*** SOURCE MATERIAL Section Begins ***
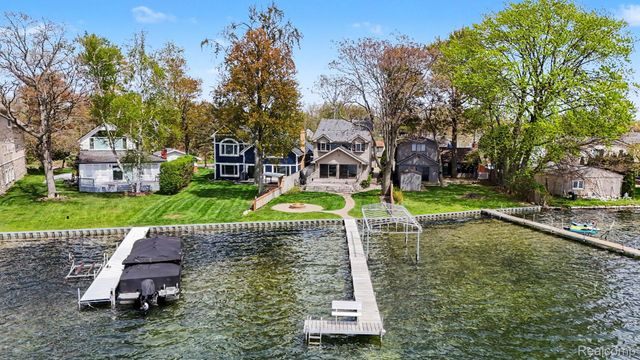 3506 Union Lake Road, Commerce Charter Township, MI 48382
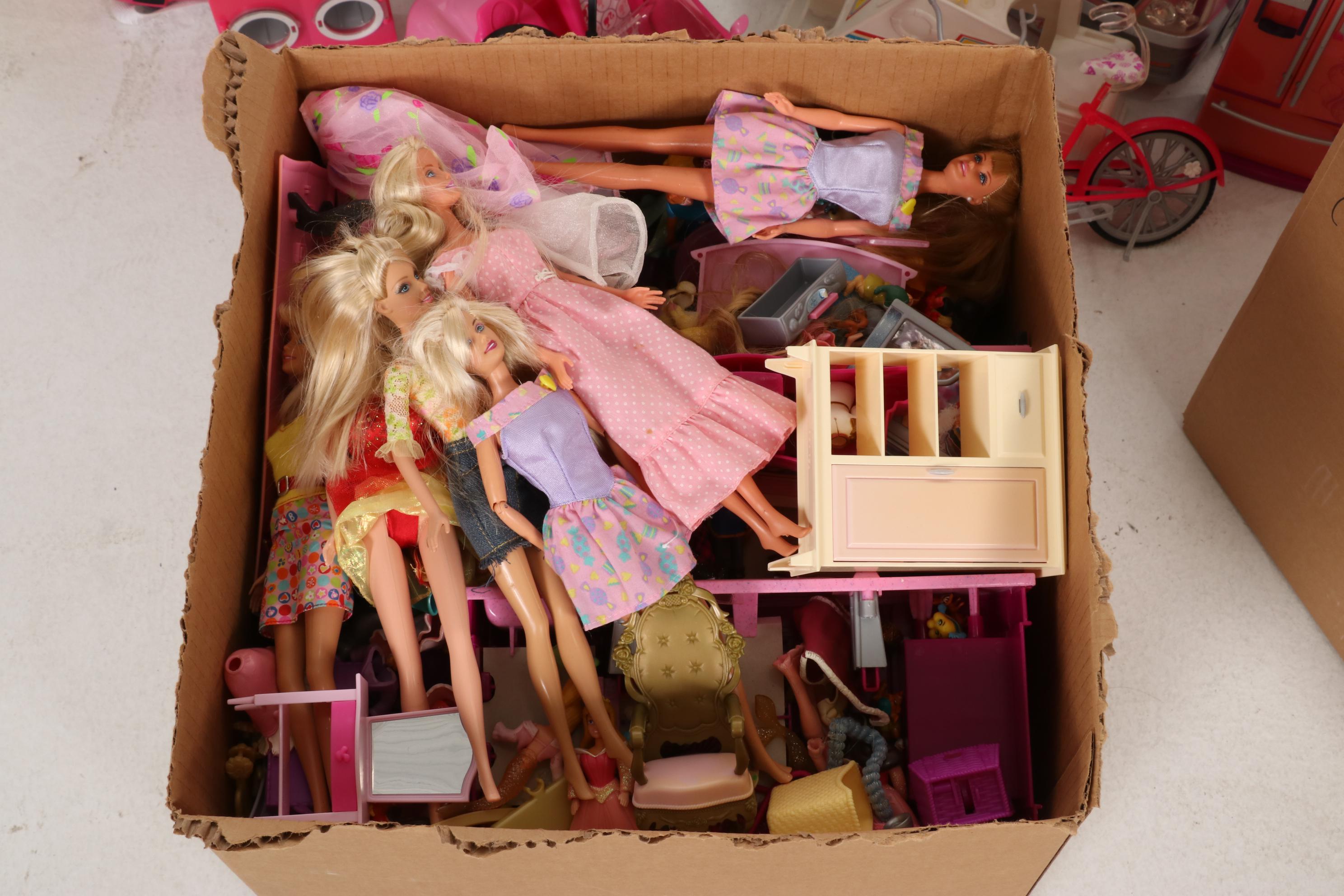 Uncommon Discoveries: Polly Pocket and Barbie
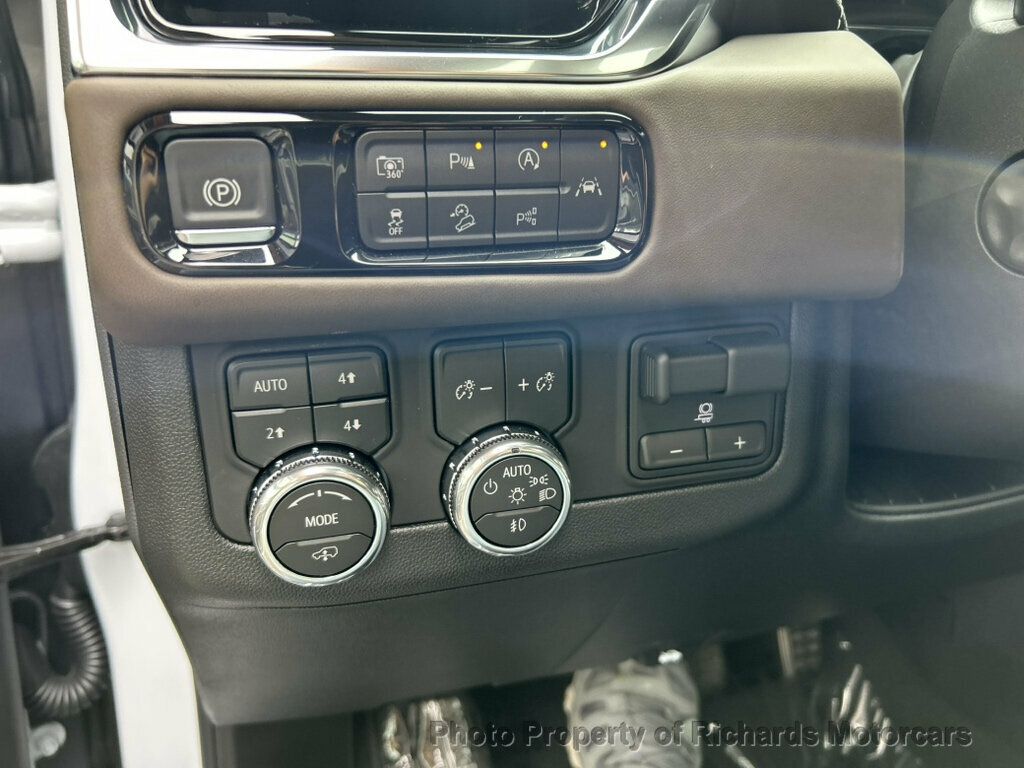 2026 GMC Yukon 4WD 4dr Denali Ultimate - 23087180 - 17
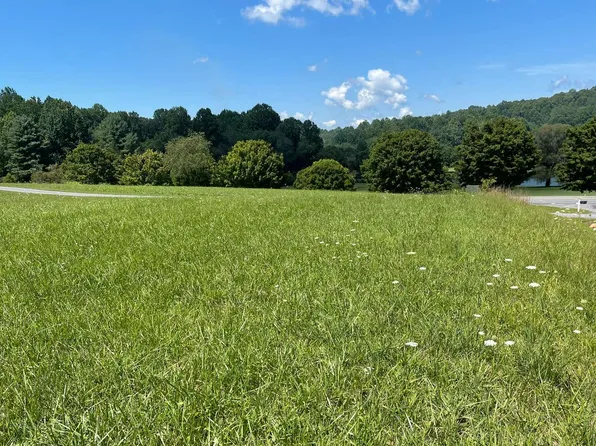 8M Ridges Overlook, Hayesville, NC 28904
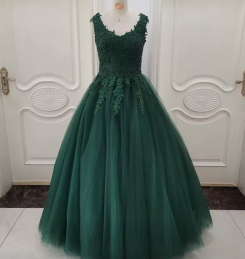 Donna Bridal nádherné plesové šaty s perličkami + SPODNICE ZDARMA Zelená tmavá Velikost 44 kód 162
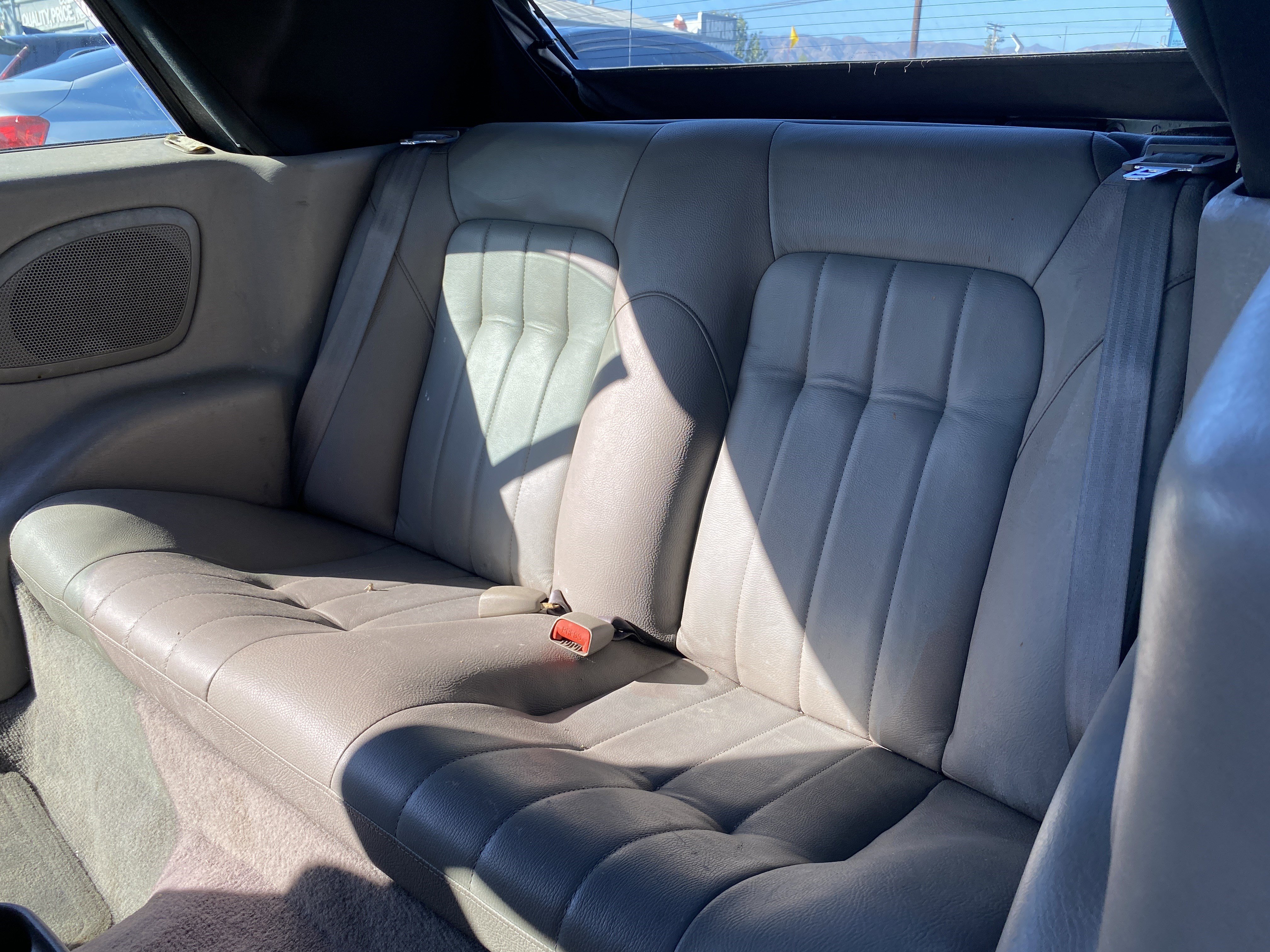 Used 2001 Chrysler Sebring LXi image 10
*** SOURCE MATERIAL Section Ends ***
## WORK REQUEST
The reply should consist only of the lines running from the one with "Donna Bridal nádherné" through the end of the material, both included, copied exactly; please omit pictures.

## OUTPUT OF THE EXERCISE
 Donna Bridal nádherné plesové šaty s perličkami + SPODNICE ZDARMA Zelená tmavá Velikost 44 kód 162
 Used 2001 Chrysler Sebring LXi image 10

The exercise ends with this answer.